Two prestigious groups recently issued recommendations on how to strengthen the science advisory arm of the White House — the Office of Science and Technology Policy (OSTP). Most of the suggestions are pretty basic; it's hard to imagine anyone disagreeing with them, at least in the abstract. But they raise a more fundamental question: should the science community be so obsessed with the OSTP?

The recommendations come from the Woodrow Wilson International Center for Scholars1 and the Center for the Study of the Presidency2. They fundamentally offer the same advice — appoint a prestigious scientist to head the OSTP early in the next administration, fund the office well, and ensure that the president hears from many scientists. These are all old chestnuts even if they haven't always been followed.

But a more pointed recommendation in the two reports highlights how the focus on the OSTP may say more about the mindset of scientists than about the nature of government. Both groups begin by arguing that the OSTP director should also hold the title of Assistant to the President for Science and Technology. This was always the case until George W. Bush took office. In fact, the presidential assistant position existed decades before the statutory creation of the OSTP in 1976. The loss of the title has stuck in the craw of science-policy panjandrums for eight years because it seemed to signify that scientists had been cast out of the president's inner circle.

It would indeed be a welcome gesture for the next president to restore the title, but would it make any practical difference? Can anyone cite any decision that has been different because the current head of the OSTP, John Marburger, was not called 'Assistant to the President'? The prominence given to the recommendation about a title speaks volumes about the scientific community's hypersensitivity to perceived slights and its excessive insecurity about its stature, but it says almost nothing about governance.

Although the Bush administration has never explained why it withdrew the title, it seems to be part of this White House's general effort to reveal as little as possible about the inner workings of government. The position of director of the OSTP was created by Congress, and the appointment must be confirmed by the Senate. It is more difficult legally for a president to make claims of confidentiality for advice given by an official with a congressional pedigree. Generally, presidential assistants are not beholden to Congress in this way; they are simply the president's personal advisers. The last thing the Bush administration would have wanted was to give the title of presidential assistant to an official over whom Congress could exercise some authority.

This isn't just a theoretical concern. In 2005, the Bush administration went so far as to try to prevent Floyd Kvamme, a venture capitalist who chairs the President's Council of Advisors on Science and Technology (PCAST), from testifying before Congress, arguing that he was a presidential adviser whose views should be confidential. The White House eventually backed off, partly based on the argument that the advisory group was congressionally chartered. As a congressional staffer, I helped lead the battle against the White House in this dispute, which never became public.

The science community is blind to all this because of its insular focus. It tends to assume that decisions related to science policy primarily reflect attitudes towards scientists and science when in fact they are often driven by broader concerns. As a result, the two reports implicitly asked the wrong question about a president's politics. The best indicator about the future OSTP director's title may be a candidate's views on government secrecy, not science.

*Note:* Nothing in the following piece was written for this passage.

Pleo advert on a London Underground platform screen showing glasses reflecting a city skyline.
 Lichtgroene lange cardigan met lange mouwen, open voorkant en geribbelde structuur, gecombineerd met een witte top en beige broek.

The focus on the OSTP itself may be similarly misdirected. Certainly the OSTP can be important in shaping policy, and its more mundane role of coordinating inter-agency research efforts is essential. But is it the best place to start an inquiry into the future of science policy? The reports seem to assume that having a well-known science adviser with good access to the president will mean scientists will be happy for the next four years. But that just isn't the case.

Both documents look back fondly on Allan Bromley, the late Yale University physicist who ran the OSTP during the administration of the elder George Bush. Bromley had a long-standing personal relationship with the president, and even got Bush to invite PCAST to Camp David, the presidential retreat. But that didn't make that first Bush administration some kind of golden age of science.

A major science issue at the time was the extent to which the federal government should invest in research to strengthen US competitiveness, then taking a beating from Japan. The administration of the elder Bush remained internally divided on the issue, with the opposition to such investments led by the director of the Office of Management and Budget — a far more powerful post than OSTP director even though it doesn't carry the title of presidential adviser. As a result, the federal government had made only tepid movement towards a competitiveness policy by the time Bush left office in 1993.

Neither Bromley's stature as a scientist nor his closeness to the president enabled him to control the administration's position on research spending, which was not determined by the president's attitude towards science. The issue came down to a philosophical debate about the role of the government in the economy. The science budget was affected, as always, by factors far broader than science and therefore by officials with broader portfolios.

Other interest groups tend not to fall into this trap of worrying about prestige and narrowly defined issues. Environmentalists, for example, don't spend much time writing recommendations about the White House Council on Environmental Quality, an office with a parallel role to that of the OSTP. And they don't just focus on specific policy goals; they worry if a candidate's overall governing philosophy indicates that little will come of his professed warm feelings towards the environment.

The science community's focus on status, access and love of science can cause it to overlook the broader issues that are more likely to determine how a president treats scientists.